Something's been compelling me lately. Admittedly, I may have a tendency to obsess, but this is really a special case of rubythinking - It all started a few months back, when for some reason, my phone suddenly refused to communicate with my mailserver. My mailserver - vulpecula.uberspace.de - is one of the many that Uberspace hosts. I've talked about them before, and not only are they my hosting provider of choice, they are also the place I trust the most with server maintenance.

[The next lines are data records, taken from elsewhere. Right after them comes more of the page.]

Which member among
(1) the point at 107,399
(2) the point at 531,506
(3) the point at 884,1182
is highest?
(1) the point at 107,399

The great thing about Uberspace is that they do everything just like you would yourself. Their servers are literally just bog standard linux boxes. They run sendmail, nginx, and a little bespoke utility that lets you configure those without having to delve into config text files. It's quite powerful, and more importantly, this means that everything they do is completely by the books and predictable. Hosting at Uberspace is pretty close to actually hosting yourself. It also means that their mailserver config is more or less exactly as RFC 9051 and its obsolescences want them to be. Ports are what they should be. TLS and SSL is supported, at the correct ports. It's a joy to use.
So imagine my surprise when suddenly, out of nowhere, Apple Mail on iOS refused to communicate with the SMTP server. It could read email fine, most of the time - but sending it was out of the question. It just plopped my emails in the outbox, which I didn't even know the Apple Mail app supported displaying.

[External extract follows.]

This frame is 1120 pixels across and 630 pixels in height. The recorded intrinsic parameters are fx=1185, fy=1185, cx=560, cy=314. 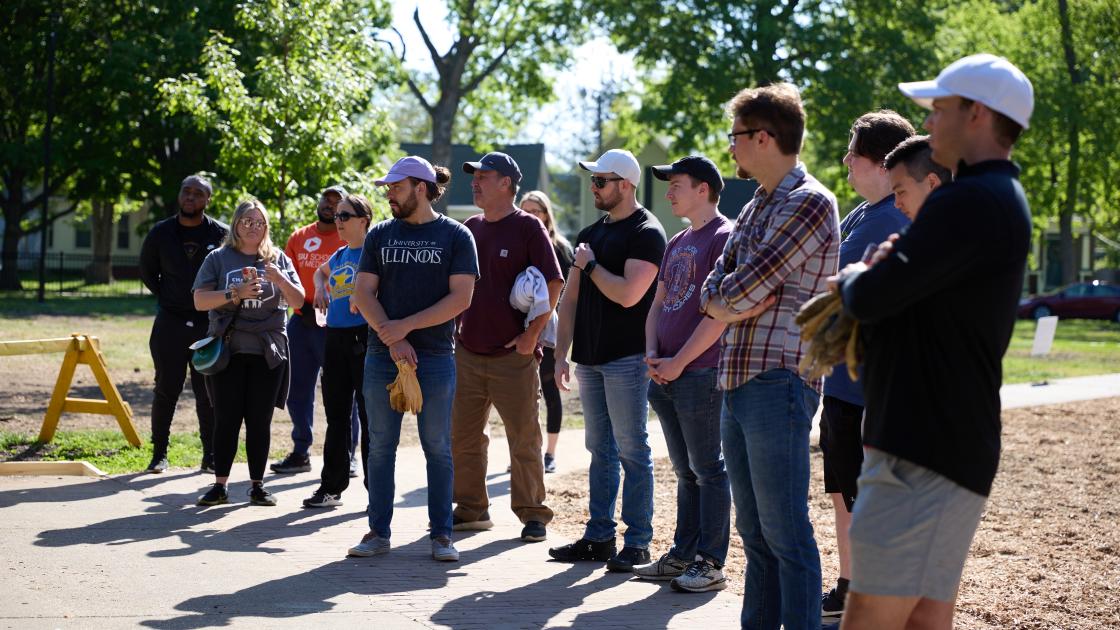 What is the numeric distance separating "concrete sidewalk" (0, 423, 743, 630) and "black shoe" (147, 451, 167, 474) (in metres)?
0.68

I put in a solid afternoon troubleshooting this, but I couldn't figure out what was causing the issue. Uberspace staff, consider this my bug report - and no, I don't have any further information on what happened or why it happens only on iOS and iPadOS. I'm in the dark here. Regardless, this appears to be a client issue anyways; I tried other clients and they all - with some exceptions - worked perfectly. Or, well, not perfectly, but that's not the server's fault.
I went through at least 15 email clients. All of them suck. I'm being completely genuine - I've not found a single email client that works as you'd expect. I've found ones that I can tolerate, but that's about all I can do here really.
Let's run through a few - Outlook, the golden boy. Sure. It's not free, despite what Microsoft wants you to believe, and I use it at my job because we're suffering from the disease known as Exchange there, so I was familiar. The "New Outlook", the one that comes with Windows (someone call the branding police), is just straight up garbage. I connected my accounts, all three, and immediately it informed me that my credentials and emails would be also stored on Microsoft's servers. I don't even know how I'd begin to rationalise that, but cautiously, I pressed on. I was presented by a new email. Great, that works - but wait, that's not an email. It's an ad, made to look like an email in your inbox. Unacceptable. Next.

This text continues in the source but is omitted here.